Yirmibeşoğlu’nun Habertürk’e “Halkın mukavemetini artırmak için düşman yapmış gibi bazı değerlere sabotaj yapılır. Mesela cami yakılır. Biz Kıbrıs’ta bunu yaptık” demesi, sonradan ne kadar toparlamaya çalışsa da unutulmayacak bir itiraftı. İhtimal, uzun yıllar referans olacaktır.
* * *
Ali Ağaoğlu’nun Referans’ta söyledikleri ise yılın değil, yüzyılın itiraflarından biriydi.
“İstanbul’da binaların yüzde 70’i güvenli değil” diyordu Ağaoğlu...
“Nereden biliyorsunuz?”
“Çoğunun inşaat malzemesini ben sattım da ondan... Kumları Marmara’dan çektik, demirleri hurdacıdan aldık. O devir öyleydi. Binalar iman kuvvetiyle ayakta duruyor. Deprem olursa ölen şanslı sayılır.”
* * *
Hanefi Avcı’nın “Fethullahçılar devleti sardı” itirafı da, çürümüş devlet binasının, iman kuvvetiyle ayakta durduğunu kanıtladı:
“Her kuruluşun başında bir imam var. Emniyetin tüm arşivi cemaate taşındı. Hedef seçilen kişiyi usulsüz dinleyip kayıtları şantaj için kullanıyorlar. Devleti ele geçirmeye çalışıyorlar.”
“Nereden biliyorsunuz?”
“Bunları ben de yaptım da ondan...”
* * *
Şimdi Avcı’nın “çıplak” diye haykırdığı “kral”lar, onu kendi yöntemleriyle vuruyor.
Telefonlarını dinliyor, kanıt diye karşısına koyuyorlar.
Daha da ötesi, özel ilişkilerini şantaj için kullanıyorlar.
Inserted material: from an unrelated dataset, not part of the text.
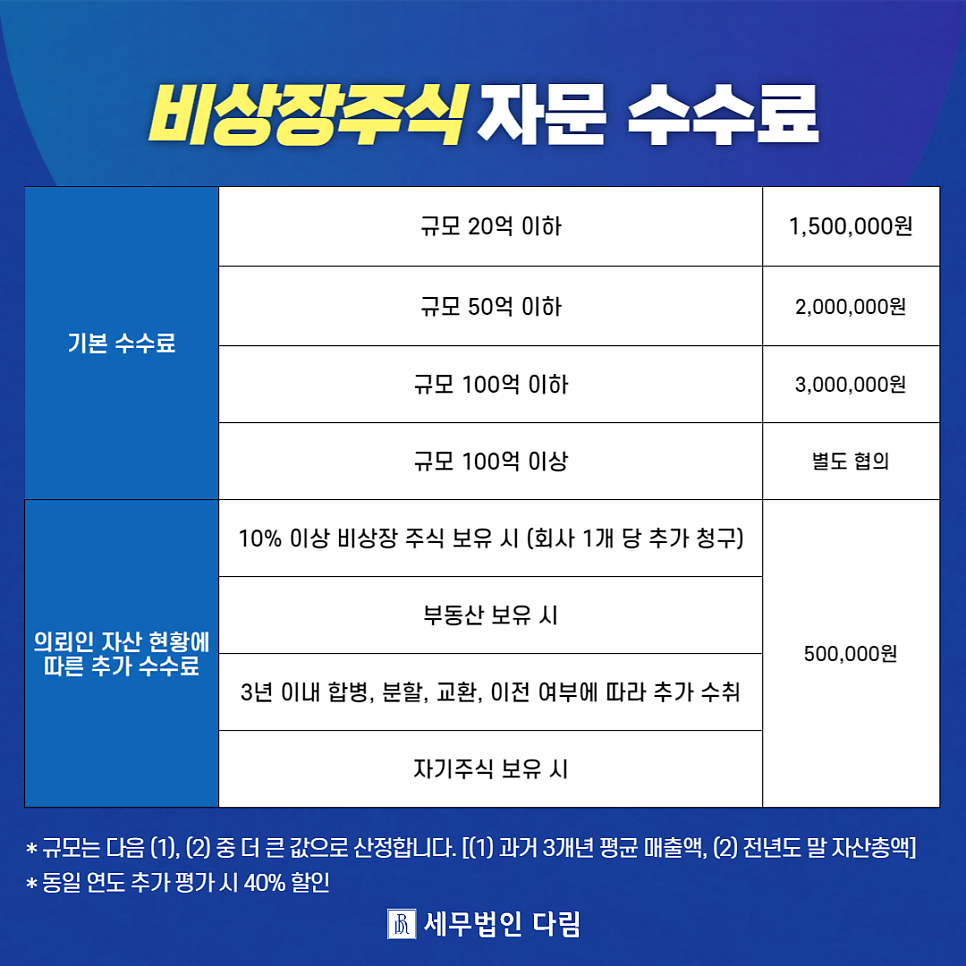 세무법인 다림 이미지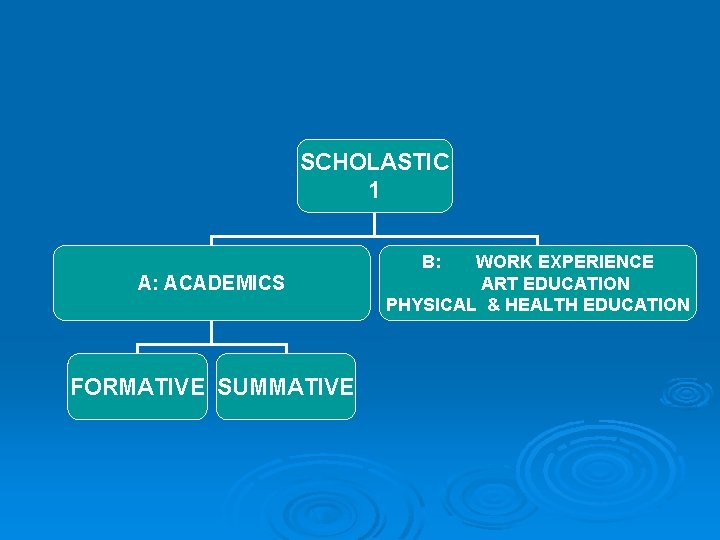 SCHOLASTIC 1 B: A: ACADEMICS FORMATIVE SUMMATIVE WORK EXPERIENCE ART EDUCATION PHYSICAL & HEALTH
Dün eski CHP Milletvekili Sabri Ergül hatırlattı:
Avcı, 1998’de Susurluk’u deşifre ettiği zaman tutuklandığında Ergül cezaevine ziyaretine gitmiş. Avcı o zaman da neredeyse bugünküyle aynı şeyleri söylemiş:
“Tutuklayarak beni susturmak istiyorlar, ama susmayacağım. Beni yıldıramazlar” demiş.
O zaman da hakkında “gizliliği ihlal”den dava açılmış.
Ergül’e yaptığı açıklamadan sonra hemen tahliye edilmiş, sonra da terfi ettirilmişti.
* * *
Devlet içindeki derin güçler çatışmasa, itirafçılar “gizliliği ihlal” etmese, emekliler sırlarını ağızlarından kaçırmasa, hayatımızı tehdit eden tehlikelerden haberdar olmayacağız.
Devletin çivisinin çıktığı da belgelenemeyecek.
Eğer telefon dinleyip işkence yaparak istihbarat yapan adamla, telefonları dinlenip, eziyet edilerek hesaplaşılıyorsa...
Yani herkes kendi yöntemiyle cezalandırılacaksa...
Çürük ev yapan, kendi yaptığı evlerden birinde oturmaya mahkûm edilmelidir.
Sabotajcı, provokasyona müsait bir bölgede cami memuriyetine verilmelidir.
Virüslü etleri piyasaya sürenlere günde üç öğün virüslü hamburger yedirilmelidir.
“Herkese kendi cehennemini yaşatmak”, belki cehennem ateşini bir nebze azaltabilir.
* * *
NOT: Ecder Akışık’ı 15 yıl önce “Sarı Zeybek”in seslendirmesi için stüdyomuza geldiğinde tanımıştım. Kelimeler boğazında düğümlendiğinden, önündeki satırları okuyamamış, bir süre ara vermek istemişti. O müthiş “ses”, son derece duygusal bir insandan çıkıyordu. İyi ki onu tanımışım. Tiyatro dünyasının başı sağolsun!